*** Opening Extracted data ***
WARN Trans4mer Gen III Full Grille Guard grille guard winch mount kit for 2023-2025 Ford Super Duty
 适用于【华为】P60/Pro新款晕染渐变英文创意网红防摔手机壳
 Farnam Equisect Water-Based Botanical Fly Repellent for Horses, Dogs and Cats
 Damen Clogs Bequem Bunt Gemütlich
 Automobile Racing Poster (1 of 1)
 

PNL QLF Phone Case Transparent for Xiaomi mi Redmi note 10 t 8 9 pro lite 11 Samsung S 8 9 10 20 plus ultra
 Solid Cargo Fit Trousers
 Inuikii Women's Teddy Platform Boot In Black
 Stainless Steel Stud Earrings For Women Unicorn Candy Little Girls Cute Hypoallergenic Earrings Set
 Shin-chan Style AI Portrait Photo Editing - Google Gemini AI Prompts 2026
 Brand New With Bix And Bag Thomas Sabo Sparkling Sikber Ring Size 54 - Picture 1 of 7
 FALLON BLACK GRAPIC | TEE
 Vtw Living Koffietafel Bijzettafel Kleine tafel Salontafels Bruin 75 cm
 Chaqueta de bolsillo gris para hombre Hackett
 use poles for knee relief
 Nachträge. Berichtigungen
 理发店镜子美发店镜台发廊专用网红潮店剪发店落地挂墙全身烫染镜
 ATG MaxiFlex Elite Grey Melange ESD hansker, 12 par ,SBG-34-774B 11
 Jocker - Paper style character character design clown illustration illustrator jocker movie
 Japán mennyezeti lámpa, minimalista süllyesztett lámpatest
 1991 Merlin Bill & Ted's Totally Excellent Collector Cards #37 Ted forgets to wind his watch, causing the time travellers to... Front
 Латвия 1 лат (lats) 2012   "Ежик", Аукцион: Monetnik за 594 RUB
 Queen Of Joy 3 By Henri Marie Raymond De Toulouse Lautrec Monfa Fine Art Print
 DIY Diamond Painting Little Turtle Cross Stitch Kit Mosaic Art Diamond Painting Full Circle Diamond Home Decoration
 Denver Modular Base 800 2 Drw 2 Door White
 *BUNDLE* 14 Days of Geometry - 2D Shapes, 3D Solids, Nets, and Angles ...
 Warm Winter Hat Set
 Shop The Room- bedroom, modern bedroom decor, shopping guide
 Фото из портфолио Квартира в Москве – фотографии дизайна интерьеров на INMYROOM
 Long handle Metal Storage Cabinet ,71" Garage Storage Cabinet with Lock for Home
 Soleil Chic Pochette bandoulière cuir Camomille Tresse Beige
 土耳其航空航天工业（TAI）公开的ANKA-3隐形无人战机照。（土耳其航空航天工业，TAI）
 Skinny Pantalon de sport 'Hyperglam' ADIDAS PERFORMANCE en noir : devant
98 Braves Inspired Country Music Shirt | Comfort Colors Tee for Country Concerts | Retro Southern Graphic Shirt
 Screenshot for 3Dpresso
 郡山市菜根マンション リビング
*** Closing Extracted data ***
• [Work required] Nothing beyond the line that contains "use poles for knee relief" belongs in the answer; reproduce the entries exactly from their first line through it.

• [Exercise solution]
WARN Trans4mer Gen III Full Grille Guard grille guard winch mount kit for 2023-2025 Ford Super Duty
 适用于【华为】P60/Pro新款晕染渐变英文创意网红防摔手机壳
 Farnam Equisect Water-Based Botanical Fly Repellent for Horses, Dogs and Cats
 Damen Clogs Bequem Bunt Gemütlich
 Automobile Racing Poster (1 of 1)
 

PNL QLF Phone Case Transparent for Xiaomi mi Redmi note 10 t 8 9 pro lite 11 Samsung S 8 9 10 20 plus ultra
 Solid Cargo Fit Trousers
 Inuikii Women's Teddy Platform Boot In Black
 Stainless Steel Stud Earrings For Women Unicorn Candy Little Girls Cute Hypoallergenic Earrings Set
 Shin-chan Style AI Portrait Photo Editing - Google Gemini AI Prompts 2026
 Brand New With Bix And Bag Thomas Sabo Sparkling Sikber Ring Size 54 - Picture 1 of 7
 FALLON BLACK GRAPIC | TEE
 Vtw Living Koffietafel Bijzettafel Kleine tafel Salontafels Bruin 75 cm
 Chaqueta de bolsillo gris para hombre Hackett
 use poles for knee relief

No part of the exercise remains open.